Dataset section ▸

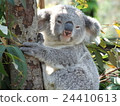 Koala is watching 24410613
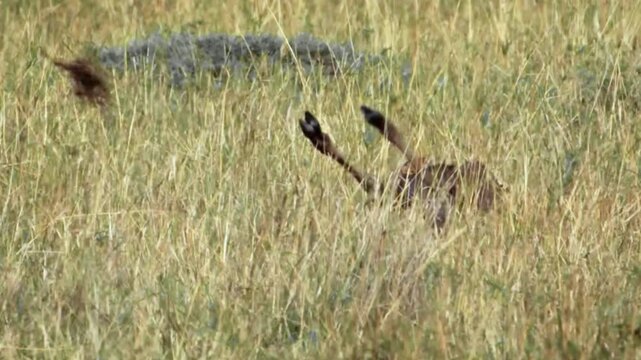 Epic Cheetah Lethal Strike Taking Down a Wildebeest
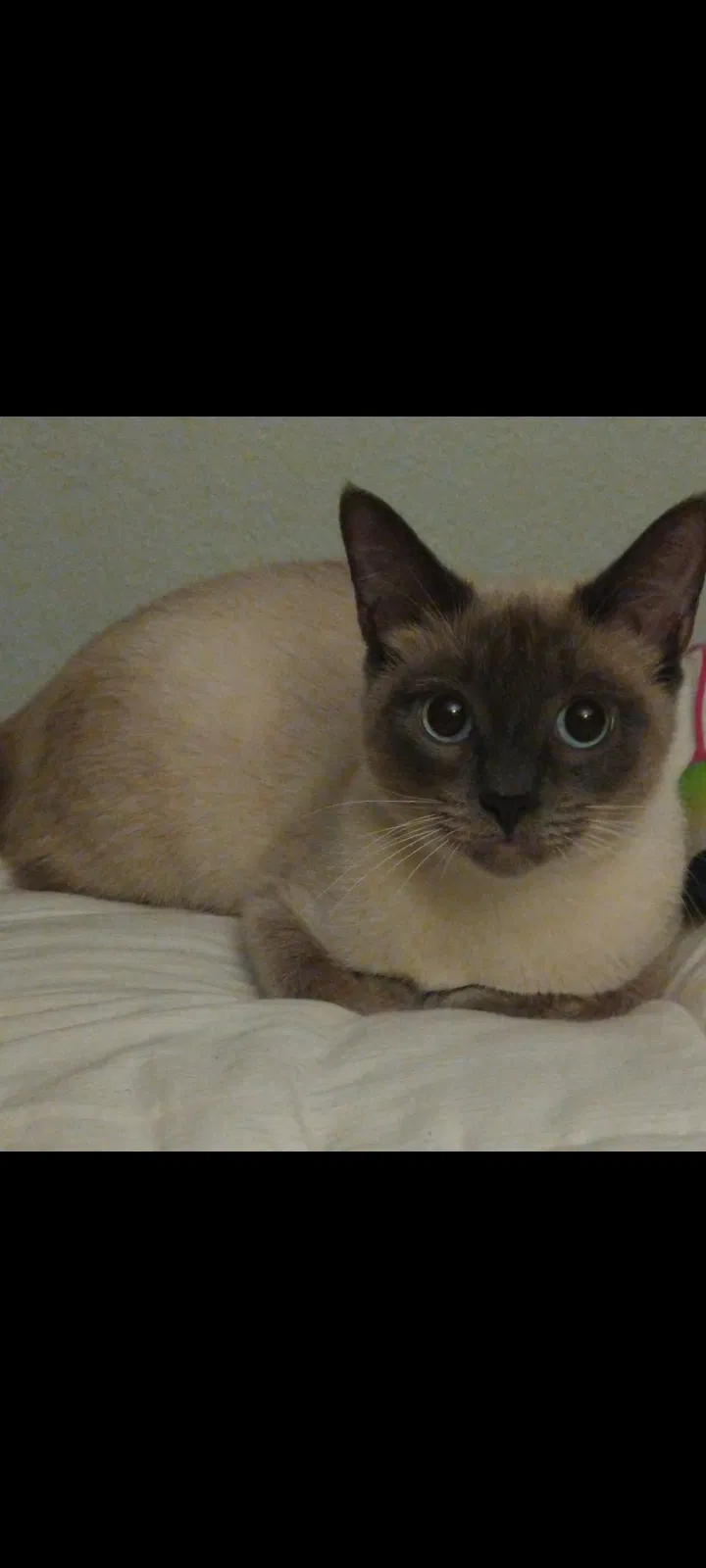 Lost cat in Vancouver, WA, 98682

Task brief ▸
Omit the pictures, then retype the remaining material without a single change.

Result of this exercise ▸
 Koala is watching 24410613
 Epic Cheetah Lethal Strike Taking Down a Wildebeest
 Lost cat in Vancouver, WA, 98682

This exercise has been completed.